Lightweight electromagnetic interference (EMI) shielding materials with a simple production process, a low density, good mechanical properties and stability, and a high absolute EMI shielding effectiveness (SSE/t) are urgently demanded for spacecraft, aircraft, and portable and wearable smart electronics, yet remain extremely challenging to manufacture. Herein, scalable, superelastic, and superhydrophobic MXene/silver nanowire/melamine (MS-MAF) hybrid sponges are fabricated via a facile dip-coating method.
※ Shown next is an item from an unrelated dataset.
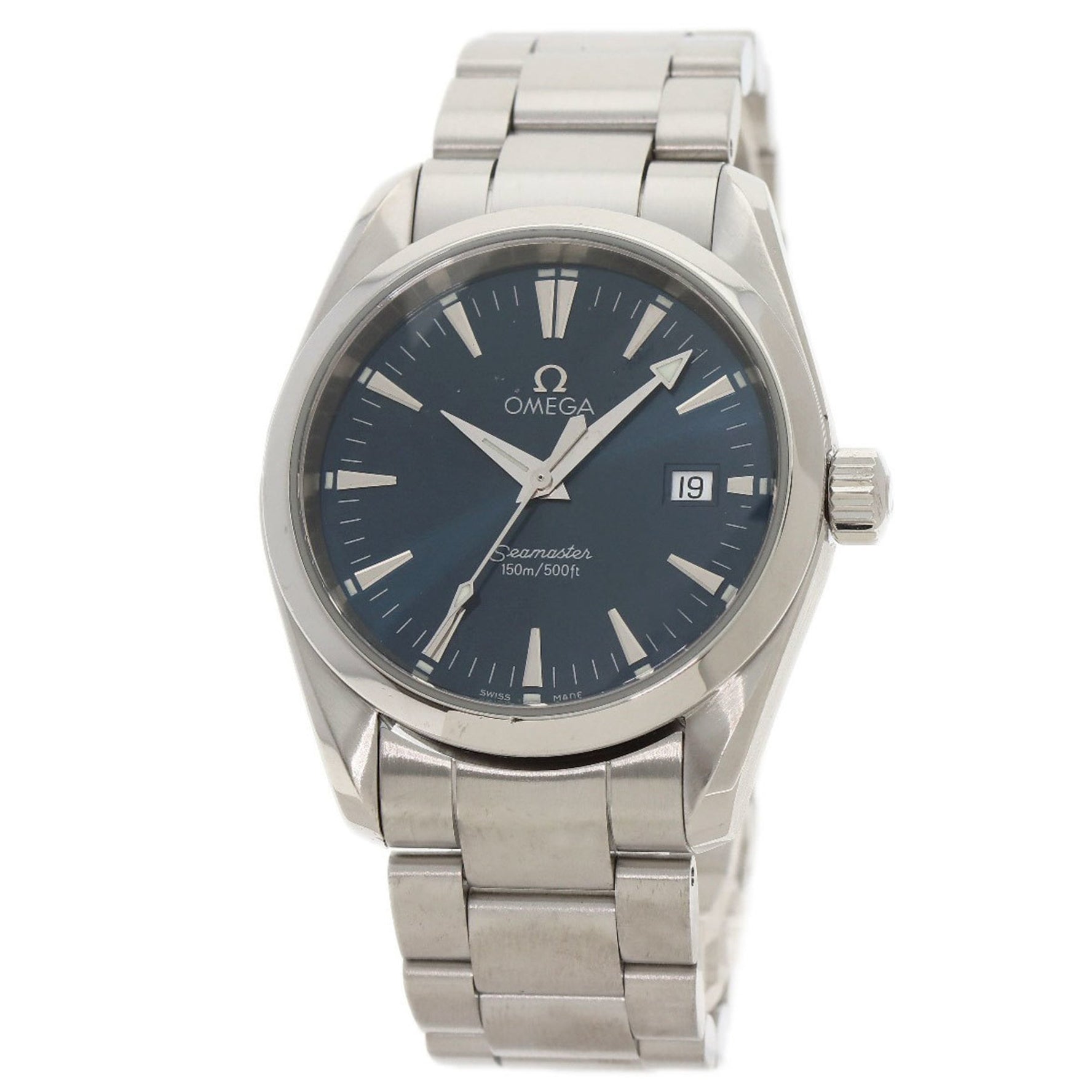 Omega 2518.80 Seamaster Aqua Terra Watch Stainless Steel SS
The MS-MAF hybrid sponge exhibits an ultralow density (11.98 mg cm⁻³), a large recoverable compression strain (80%), and fatigue resistance. By the rational design of two-dimensional MXene nanosheets and one-dimensional silver nanowires on the sponge skeleton, the MS-MAF hybrid sponge can achieve a high SSE/t of 10128 dB cm² g⁻¹, significantly surpassing that of most of the other porous EMI shielding materials ever reported. Due to the treatment of low surface energy coating, the MS-MAF hybrid sponge also shows excellent structural stability and superhydrophobicity, which is conducive to its application in complex practical environments. Consequently, this work offers a promising lightweight EMI shielding candidate with the features of large-scale production, superelasticity, superhydrophobicity and a high SSE/t.